═════ Supplied records
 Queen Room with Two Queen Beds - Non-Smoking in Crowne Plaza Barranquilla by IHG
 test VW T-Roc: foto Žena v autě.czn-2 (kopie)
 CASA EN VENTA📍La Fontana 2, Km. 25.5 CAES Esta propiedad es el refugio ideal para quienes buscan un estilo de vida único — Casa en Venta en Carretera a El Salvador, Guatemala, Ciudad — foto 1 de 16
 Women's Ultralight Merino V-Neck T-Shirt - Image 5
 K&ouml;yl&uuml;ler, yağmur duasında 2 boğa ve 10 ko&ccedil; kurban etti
══════════
═════ Supplied records
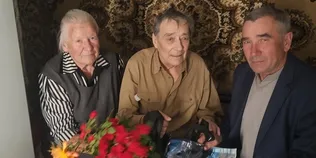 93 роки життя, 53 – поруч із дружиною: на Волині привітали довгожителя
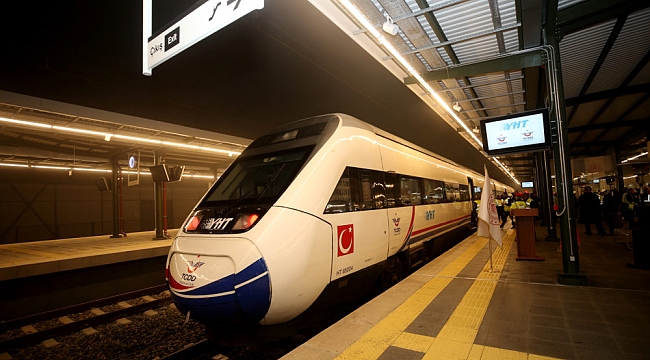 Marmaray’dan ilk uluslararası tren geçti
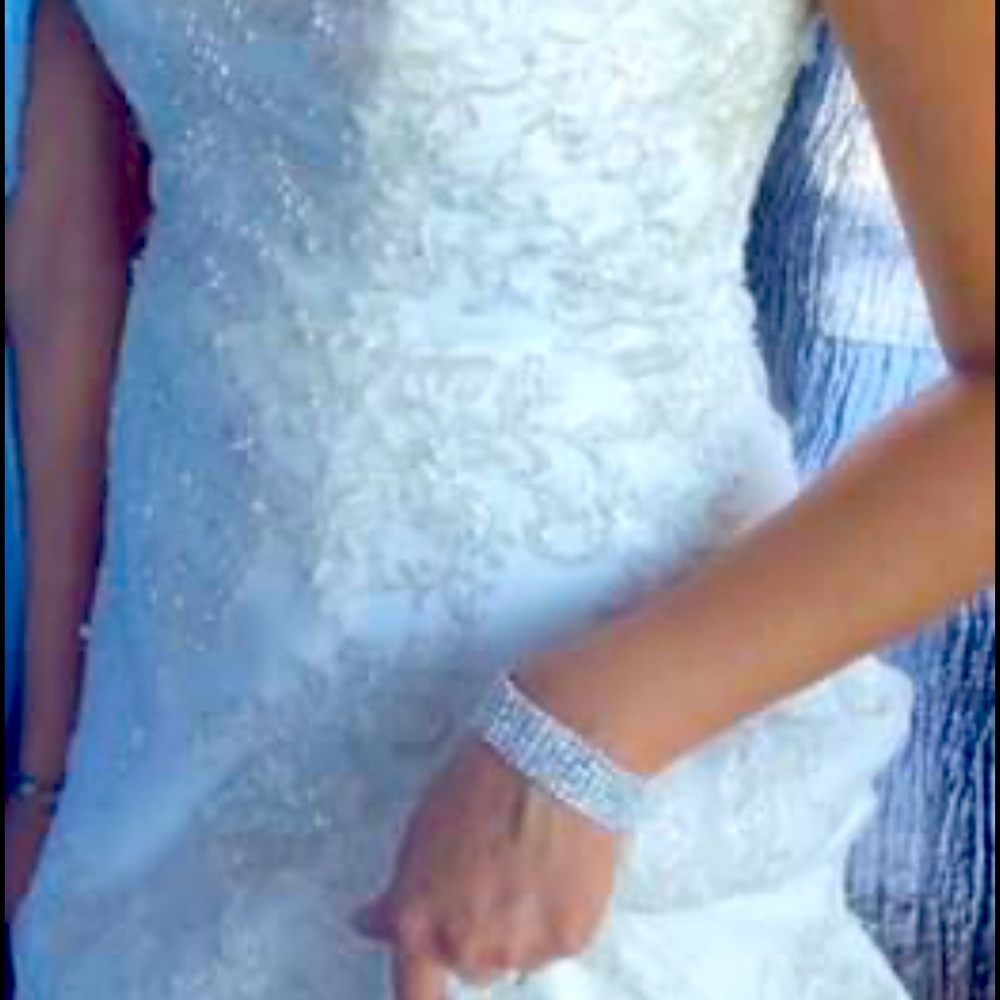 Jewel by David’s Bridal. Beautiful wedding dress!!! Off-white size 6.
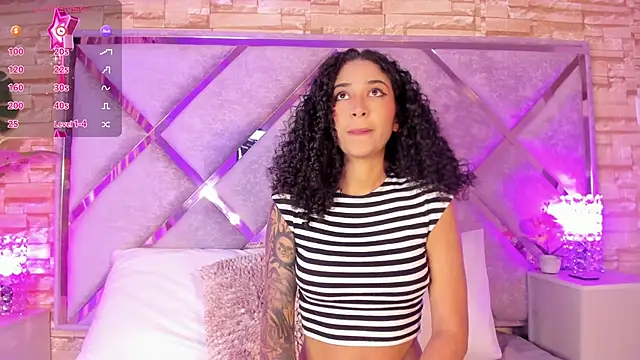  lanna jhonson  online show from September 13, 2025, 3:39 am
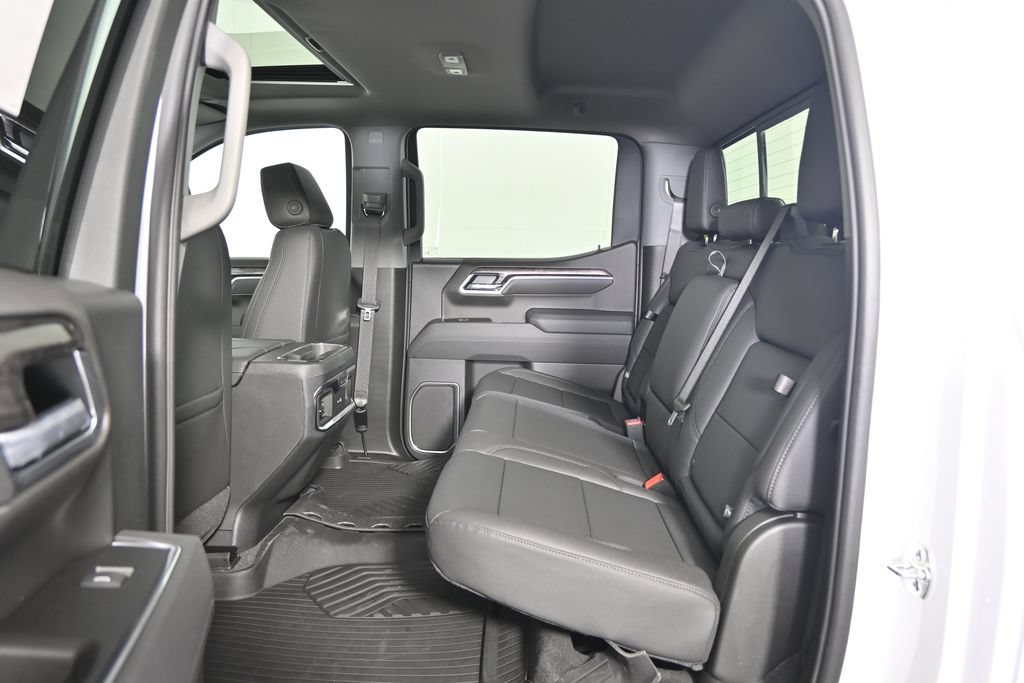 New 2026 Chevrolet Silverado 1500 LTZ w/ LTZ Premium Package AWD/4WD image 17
══════════
» **Problem requirements**: Using the entries above, write out exactly the lines from the one with "Jewel by David’s" through the one with "New 2026 Chevrolet", ends included. Leave out any pictures.

» **Result**:
 Jewel by David’s Bridal. Beautiful wedding dress!!! Off-white size 6.
  lanna jhonson  online show from September 13, 2025, 3:39 am
 New 2026 Chevrolet Silverado 1500 LTZ w/ LTZ Premium Package AWD/4WD image 17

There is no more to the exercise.